• **WHAT YOU ARE ASKED TO DO**
Print every record exactly, but leave out the pictures.

• **LISTED ENTRIES**

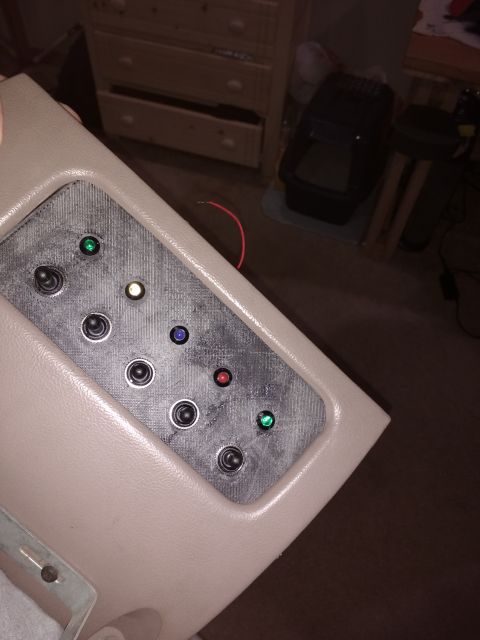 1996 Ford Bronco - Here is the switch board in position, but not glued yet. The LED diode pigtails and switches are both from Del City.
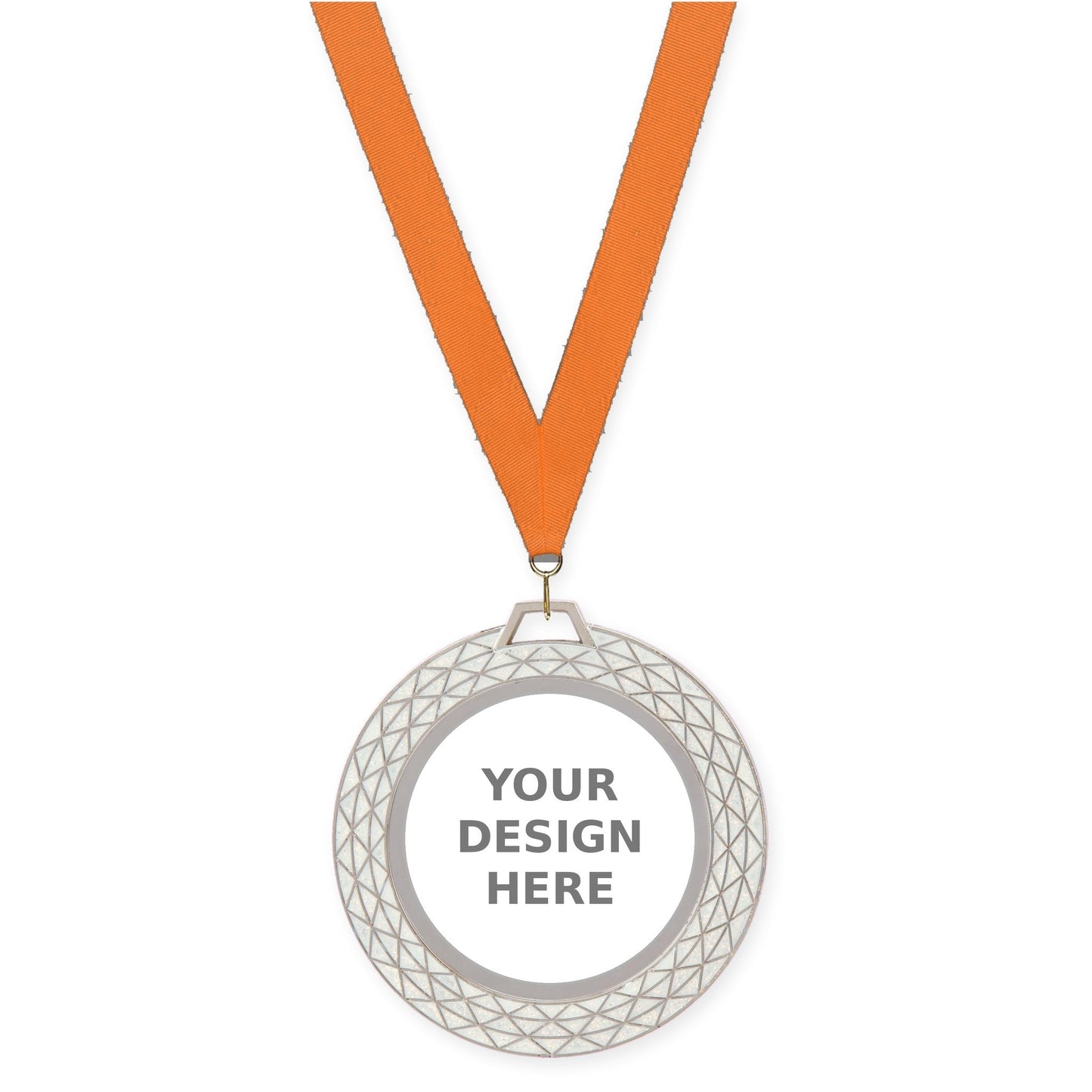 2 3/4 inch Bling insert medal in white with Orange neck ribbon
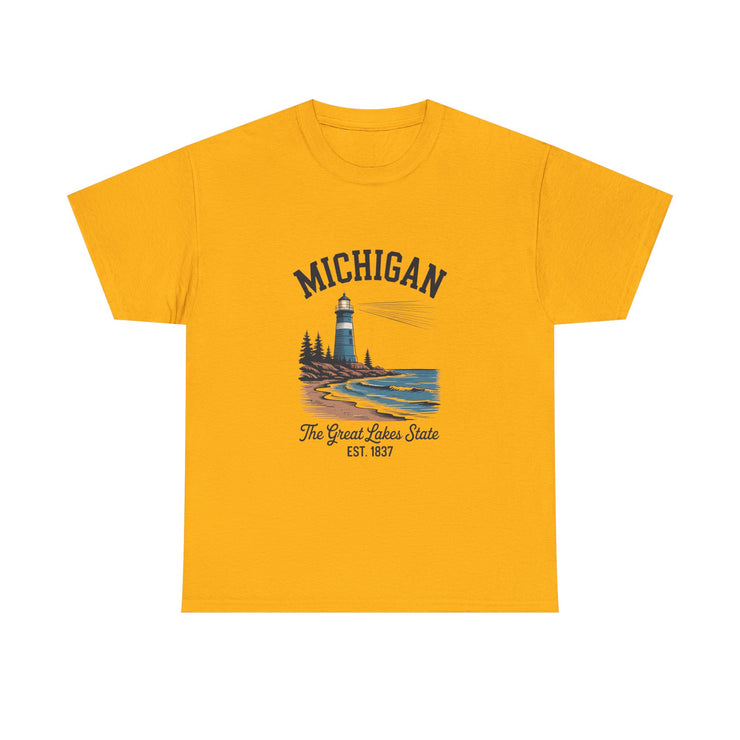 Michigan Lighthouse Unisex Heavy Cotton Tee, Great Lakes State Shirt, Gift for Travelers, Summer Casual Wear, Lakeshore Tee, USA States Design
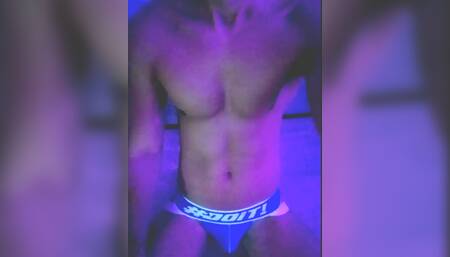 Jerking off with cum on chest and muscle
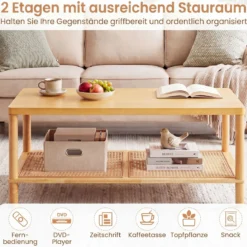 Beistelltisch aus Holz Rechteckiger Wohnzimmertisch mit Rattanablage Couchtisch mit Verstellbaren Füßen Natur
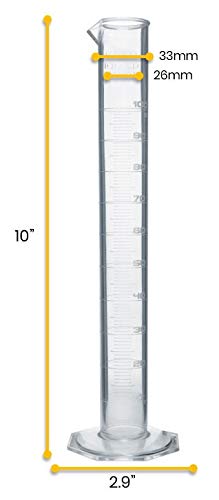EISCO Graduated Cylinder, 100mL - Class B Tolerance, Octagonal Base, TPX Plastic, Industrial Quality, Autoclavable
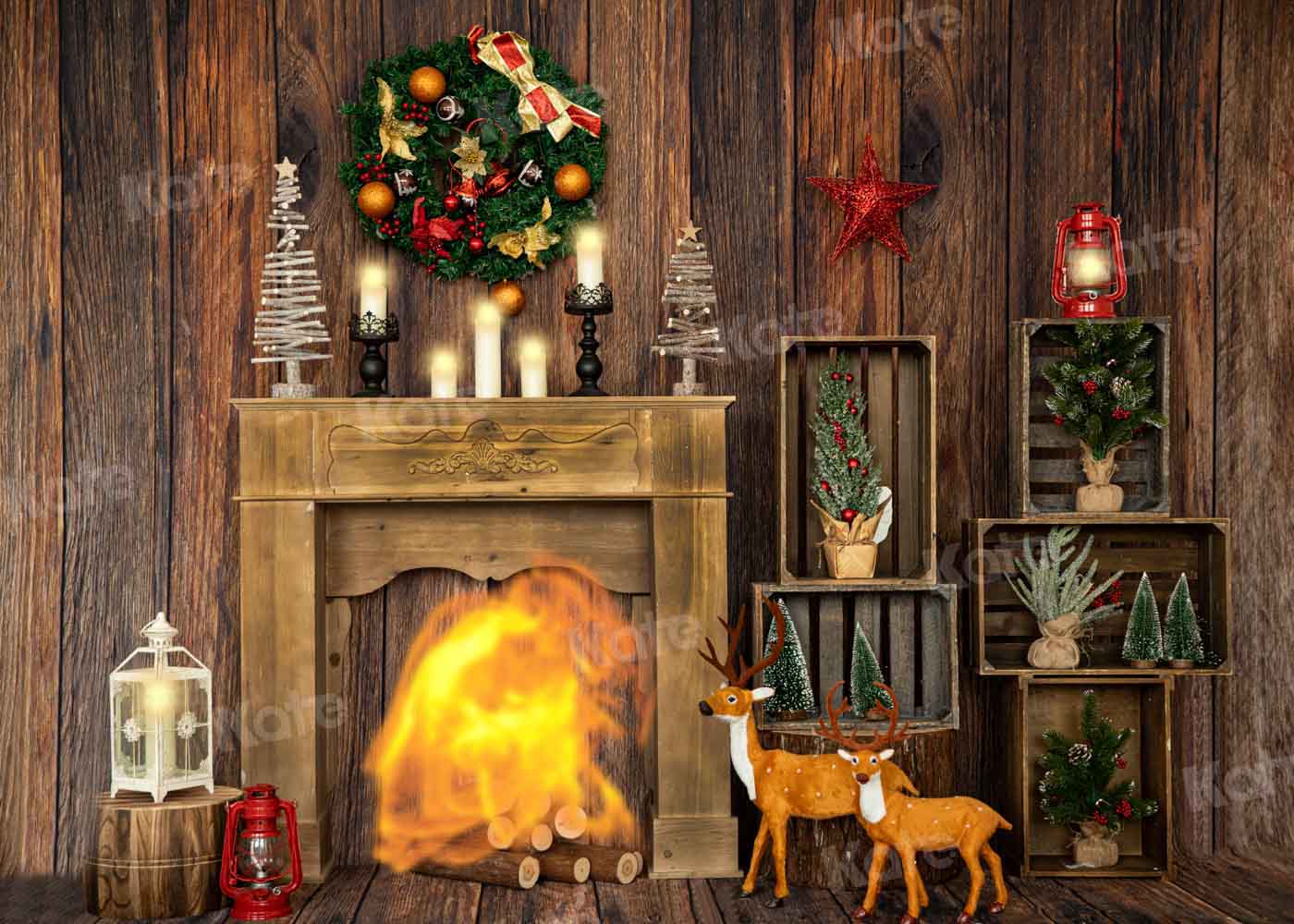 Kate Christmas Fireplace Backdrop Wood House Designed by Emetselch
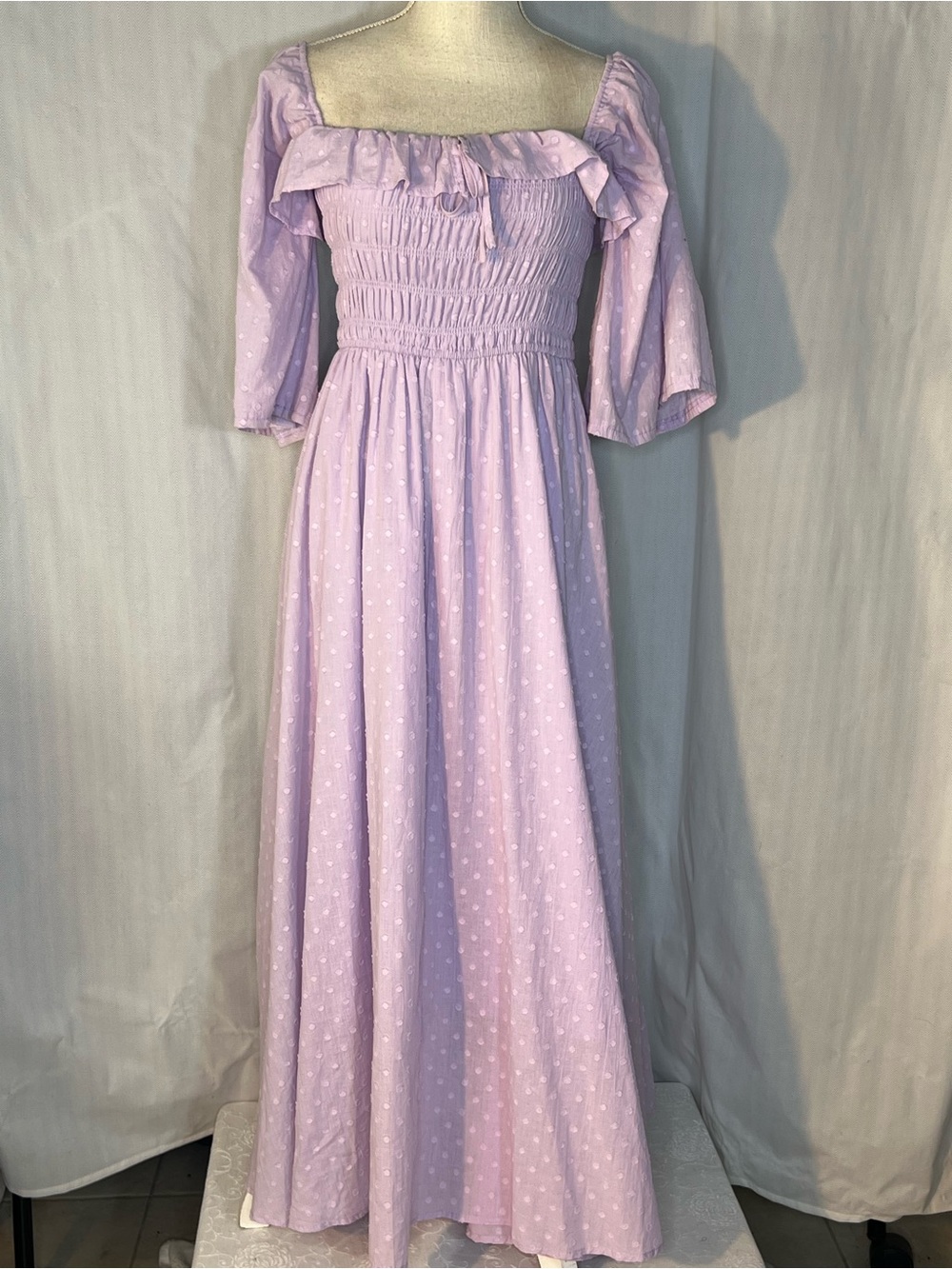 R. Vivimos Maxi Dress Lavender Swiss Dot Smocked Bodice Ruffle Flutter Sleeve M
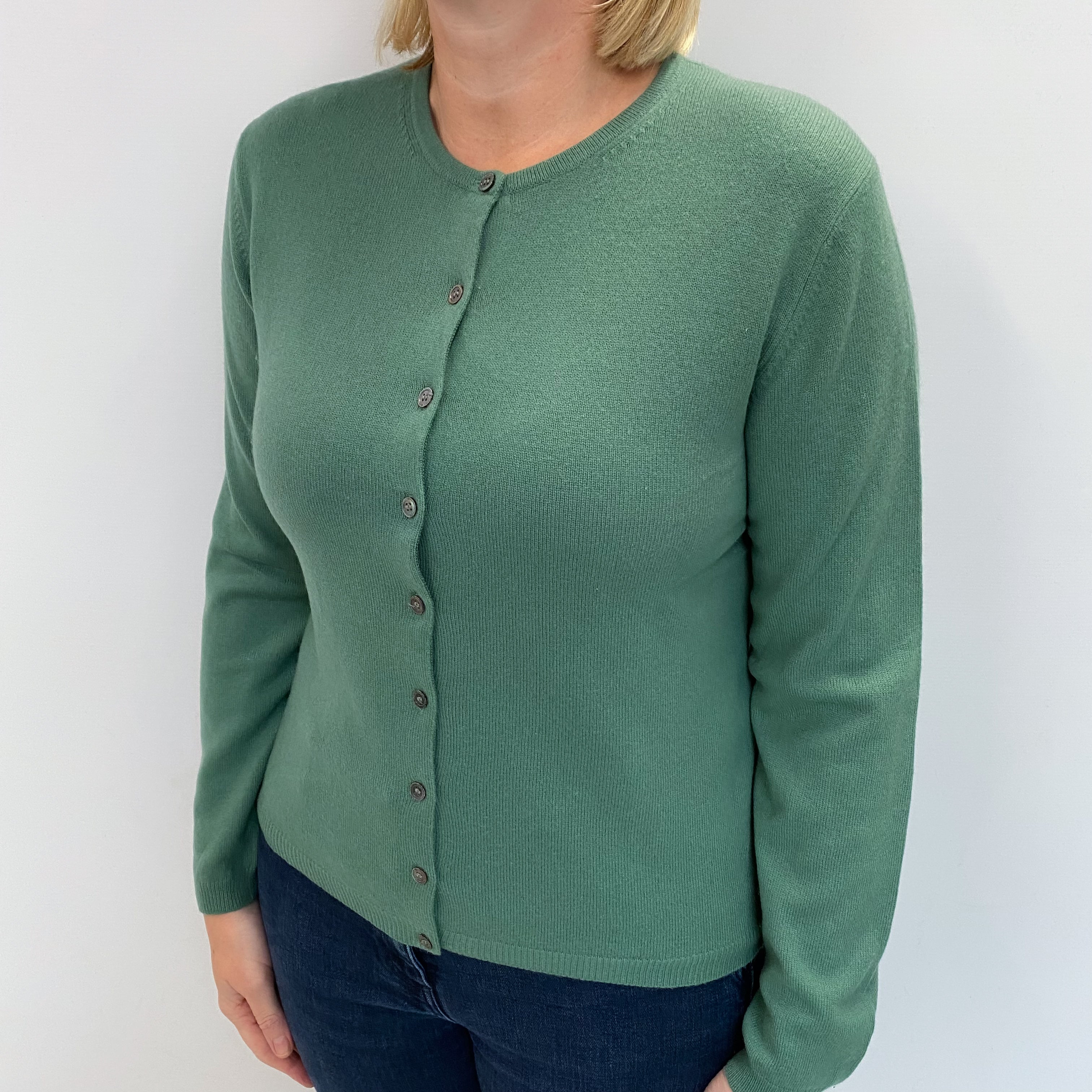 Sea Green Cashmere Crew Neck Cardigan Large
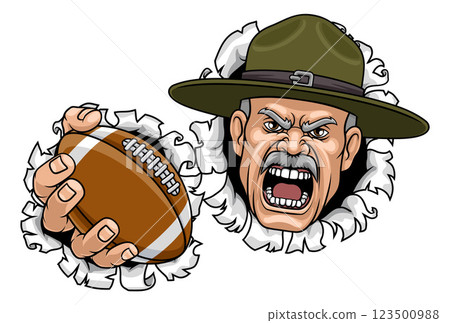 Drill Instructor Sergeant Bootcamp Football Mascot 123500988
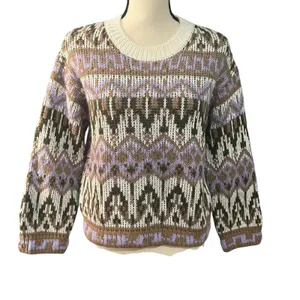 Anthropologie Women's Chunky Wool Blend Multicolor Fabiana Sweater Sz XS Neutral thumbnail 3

• **WRITTEN SOLUTION**
 1996 Ford Bronco - Here is the switch board in position, but not glued yet. The LED diode pigtails and switches are both from Del City.
 2 3/4 inch Bling insert medal in white with Orange neck ribbon
 Michigan Lighthouse Unisex Heavy Cotton Tee, Great Lakes State Shirt, Gift for Travelers, Summer Casual Wear, Lakeshore Tee, USA States Design
 Jerking off with cum on chest and muscle
 Beistelltisch aus Holz Rechteckiger Wohnzimmertisch mit Rattanablage Couchtisch mit Verstellbaren Füßen Natur
EISCO Graduated Cylinder, 100mL - Class B Tolerance, Octagonal Base, TPX Plastic, Industrial Quality, Autoclavable
 Kate Christmas Fireplace Backdrop Wood House Designed by Emetselch
 R. Vivimos Maxi Dress Lavender Swiss Dot Smocked Bodice Ruffle Flutter Sleeve M
 Sea Green Cashmere Crew Neck Cardigan Large
 Drill Instructor Sergeant Bootcamp Football Mascot 123500988
 Anthropologie Women's Chunky Wool Blend Multicolor Fabiana Sweater Sz XS Neutral thumbnail 3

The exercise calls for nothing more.